Most of us don’t think about kids having headaches like grownups do, but their triggers and symptoms are often be quite similar. Treatment though should be individualized, since the FDA does not approve certain drugs commonly used to treat adults, for use in children with headache conditions (although they are routinely prescribed for kids by off-label use.)

Stress and sleep deprivation trigger chronic headaches (tension type) and migraines in kids as well as adults. The school year brings sudden daily routine changes. Unfortunately, sleep is the first area to be sacrificed. Getting to bed late and waking up early for school leaves youngsters ill equipped to manage stress that comes with navigating the hectic school day, playing team sports and completing nightly homework. It’s a headache waiting to strike.

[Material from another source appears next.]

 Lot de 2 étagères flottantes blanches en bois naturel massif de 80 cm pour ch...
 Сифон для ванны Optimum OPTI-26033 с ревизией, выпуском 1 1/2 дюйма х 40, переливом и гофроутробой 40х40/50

Before vowing to homeschool your child, pulling her out of cross country in Seattle or yanking him from varsity football in Houston, migraines and chronic tension headaches could be managed with better sleep hygiene. Here are some ideas you can try to help your child settle down for sweet dreams and restful sleep:

  • Prepare a cup of warm milk (for both of you) before bedtime
  • Enjoy a pleasant conversation or tell your (young) child a bedtime story
  • Discourage your youngster from drinking or eating shortly before bed (avoid middle of the night calls to nature)
  • Use soft music, a ceiling fan or anything else that provides white noise if your child has trouble get to sleep in a noisy home.
  • Encourage the same bed time and routine every evening, and try to not deviate much on the weekends
  • School age children should get 10-11 hours of nightly sleep, whereas teenagers should get about 9 hours each night according to the National Sleep Foundation.
  • If you can’t keep technology out of the bedroom, at least make sure all gizmos are powered down, optimally at least an hour before bedtime

Getting onto a regular sleep schedule is critical for kids who suffer with chronic headaches and migraines. Not only does this help alleviate pain and other symptoms, but also they are better positioned to do well at school and sports. Whether your kid battled migraines in Houston, or tension headaches in Toronto last school year, you can help him or her get off to a better start this year with good sleep habits.